Fruto de aquel tiempo sombrío es Élisabeth Gille, hija de la escritora Irène Némirovsky, quien fue detenida por sus compatriotas y deportada al campo de exterminio de Auschwitz en 1942, donde murió. Gille tenía cinco años cuando le arrebataron a sus padres. Los mismos que la protagonista de Un paisaje de cenizas, la novela que publicó en 1996, poco antes de que la muerte le saliera al encuentro, y que 20 años después ha sido traducida al castellano, demostrándose una vez más lo mucho y bueno que los españoles nos perderíamos de no ser por el buen criterio de selección de editoriales como Nocturna, que se ha encargado de conceder la oportunidad y el placer de leer esta obra colosal.

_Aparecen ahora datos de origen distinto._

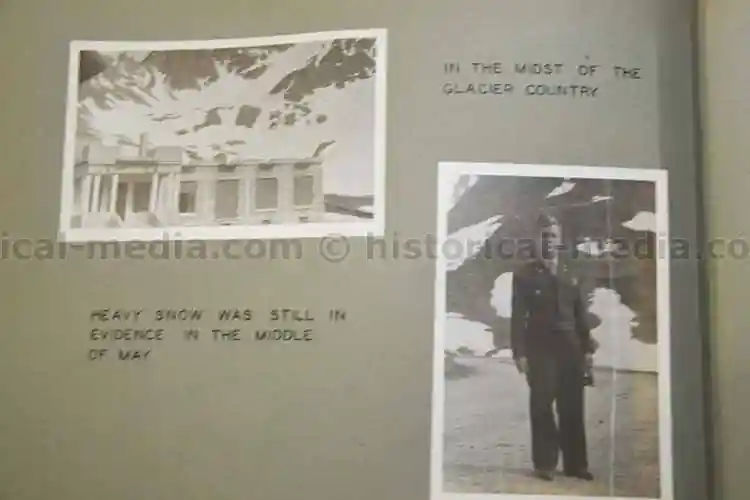 THREE PHOTO ALBUM GROUPING - COLONEL - ENGLAND, FRANCE, GERMANY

Al igual que hiciera con El mirador: memorias soñadas, el homenaje en forma de biografía novelada que rindió a su madre, Gille construye una ficción con las sensaciones y sentimientos que extrae de su propia experiencia. Se trata, pues, de la autobiografía de sus emociones en forma de relato crudo e intenso, con el que ajusta cuentas con la Historia.

La acción arranca en el preciso momento que Léa, una niña judía de cinco años, llega a un internado de religiosas en Burdeos, tras ser rescatada por un miembro de la resistencia francesa antes de que sus padres sean arrestados. Allí conocerá a Bénédicte, otra interna solitaria, con la que entablará una estrecha e imperecedera amistad. tras la guerra y a pesar de los esfuerzos de las monjas y sus nuevos tutores por protegerla de su terrible realidad y construirle una nueva identidad, Léa se las apaña para descubrir la suerte que corrieron sus progenitores y, de paso, la de los millones de víctimas del Holocausto.

Gille posee el espíritu de su personaje convirtiéndolo en un símbolo de la conciencia malherida de una sociedad autoindulgente. Pero no sólo Léa es el único símbolo que ronda por Un paisaje de cenizas: la fraternidad con Bénédicte o la protección de las monjas y los tutores representan el universo íntimo de la vida de la autora, desarrollada en un ambiente de permanente incertidumbre. Del mismo modo, siembra de metáforas un relato vital estructurado en función de las sensaciones que experimenta la protagonista ante determinadas situaciones determinantes: estupor, esperanza, horror, decepción, rabia, amargura, apatía y tristeza. Jalones que marcan el curso de una viza anónima marcada por la pérdida de sí misma: “no era más que una tierra quemada, un paisaje de cenizas circunscrito a las fronteras huidizas de una forma humana”.

Hija de un recuerdo ajeno, hecho de retales hilvanados con un amor inculcado, percibido más que sentido, Gille se reconstruye en una novela sobrecogedora y sincera en la que da rienda suelta a los sentimientos largo tiempo contenidos, para componer una elegía estremecedora con la que rinde homenaje a unos padres que jamás llegó a conocer.